These promises resurface regularly - most recently during his recent bridge-building speech in Egypt - but in reality the torture promise has been tarnished by an unwillingness to appoint an independent prosecutor to investigate the legality of the Bush administration's policies, and doubts have arisen about the treatment of prisoners of war because of the administration's refusal to open up the US prison at Bagram air base in Afghanistan to outside scrutiny.
At Guantanamo, too, Obama has dawdled and sent out mixed messages. The inter-departmental review board that he established to review the Guantanamo cases has moved so slowly that only two prisoners were released in the first four months of the new administration, and a spate of releases this week - a Chadian who was just 14 years old when he was seized, an Iraqi, and four Uighurs who were sent to Bermuda - seems to have been prompted more by the recent suicide of Muhammad Salih, a Yemeni prisoner, than by a desire to empty the prison as soon as possible.
In particular, Obama's refusal to allow the Uighurs (Muslims from China, who last year managed to persuade the Bush administration that they were not "enemy combatants") to settle in the US, as ordered by a judge last October, has shown that he is susceptible to fear-mongering by politicians, and has also hindered efforts to persuade European countries to accept other prisoners cleared for release, who, like the Uighurs, cannot be repatriated because of a risk of torture.
However, the most shocking demonstration of Obama's inability, or unwillingness to pursue a single, coherent policy and to draw a clear line between himself and his predecessor concerns his proposals for dealing with the relatively small number of prisoners (probably no more than a few dozen) who will be put forward for trial, and another group regarded as too dangerous to release, but who, according to the administration, will not be charged.
For this first group, Obama has, in one instance, made a clean break from the Bush years, moving Ahmed Khalfan Ghailani, a "high-value detainee" who spent two years in secret CIA prisons before his arrival at Guantanamo in September 2006, to the US mainland to face a trial in a federal court in New York.
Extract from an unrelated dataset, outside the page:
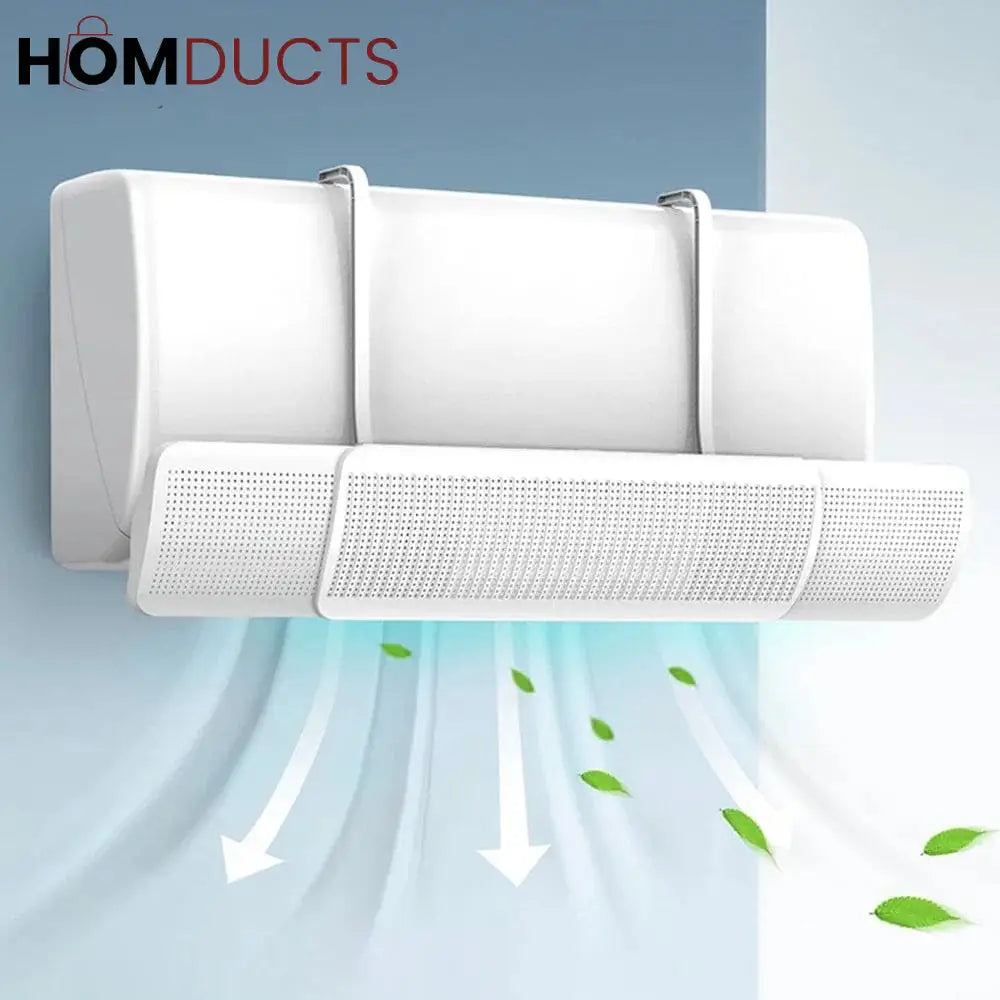 Adjustable Split AC Air Deflector - Universal Fit for Enhanced Cooling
Ghailani is accused of participating in the 1998 US embassy bombings in Kenya and Tanzania. When the Justice Department announced his transfer to the US, Attorney General Eric Holder also pointed out that the Justice Department has "a long history of ... successfully prosecuting terror suspects through the criminal justice system," and, to prove it, attached a list of successful prosecutions over the last 16 years.
However, at almost the same time that the Justice Department was demonstrating a principled return to the rule of law, The New York Times revealed that a Justice Department task force, looking into the proposed trial of five other "high-value detainees" accused of involvement in the 9/11 attacks, not only recommended trying them in a reworked version of the Military Commission trial system introduced by former Vice President Dick Cheney in November 2001, but also drafted legislation whereby Congress could "clear the way for detainees facing the death penalty to plead guilty without a full trial."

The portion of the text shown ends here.